The problem ->
Every picture stays out; everything else in the listing below is to be returned exactly.

Data provided ->

------

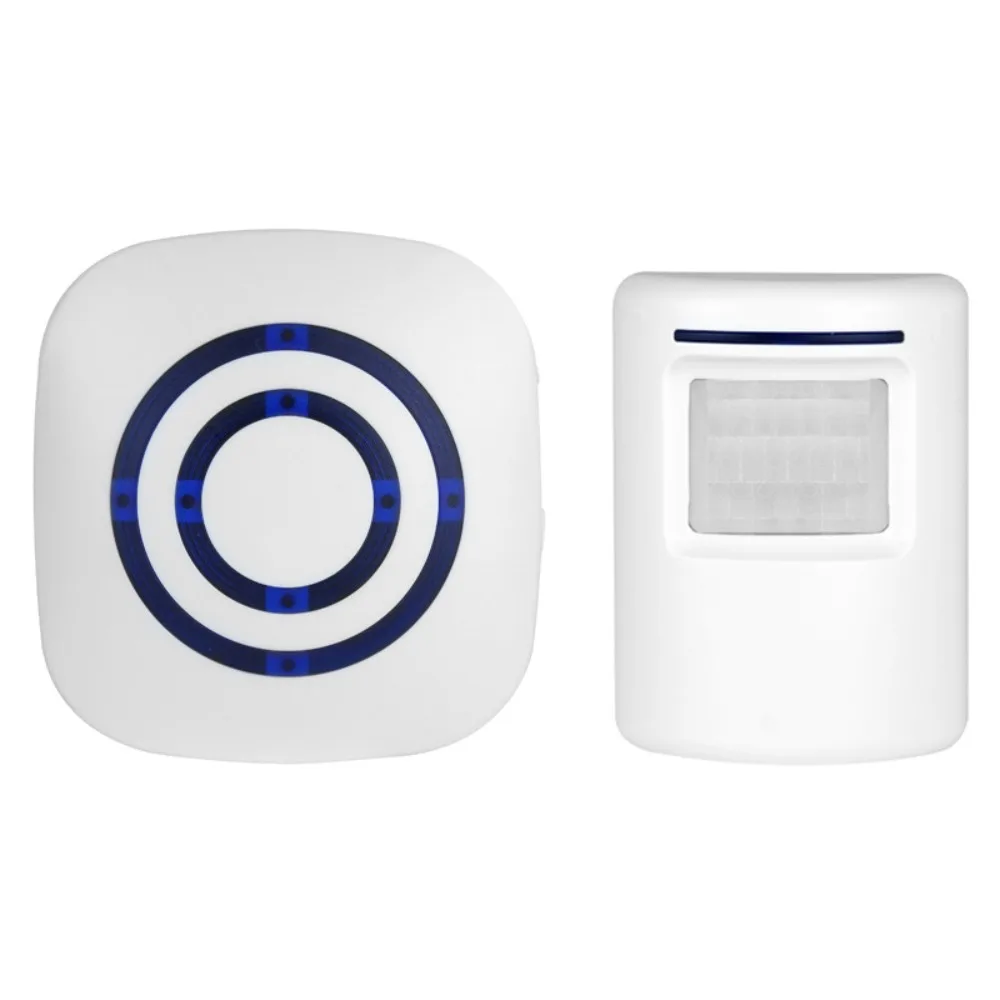 

38 Chimes Wireless Doorbell Volume Adjustment Long Transmission Range Door Bell Alarm Automatic Plug-in Split Door Chime Kit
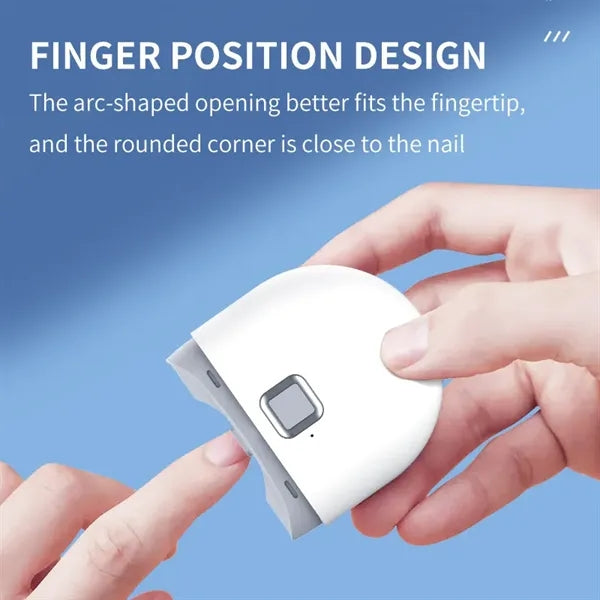 Rechargeable Electric Automatic Nail Trimmer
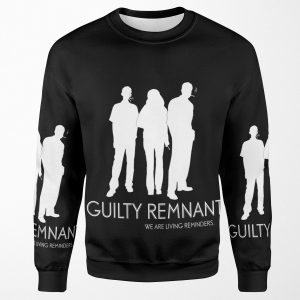 The Leftovers Guilty Remnant All-over-print Unisex Sweatshirt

------

Task output ->
38 Chimes Wireless Doorbell Volume Adjustment Long Transmission Range Door Bell Alarm Automatic Plug-in Split Door Chime Kit
 Rechargeable Electric Automatic Nail Trimmer
 The Leftovers Guilty Remnant All-over-print Unisex Sweatshirt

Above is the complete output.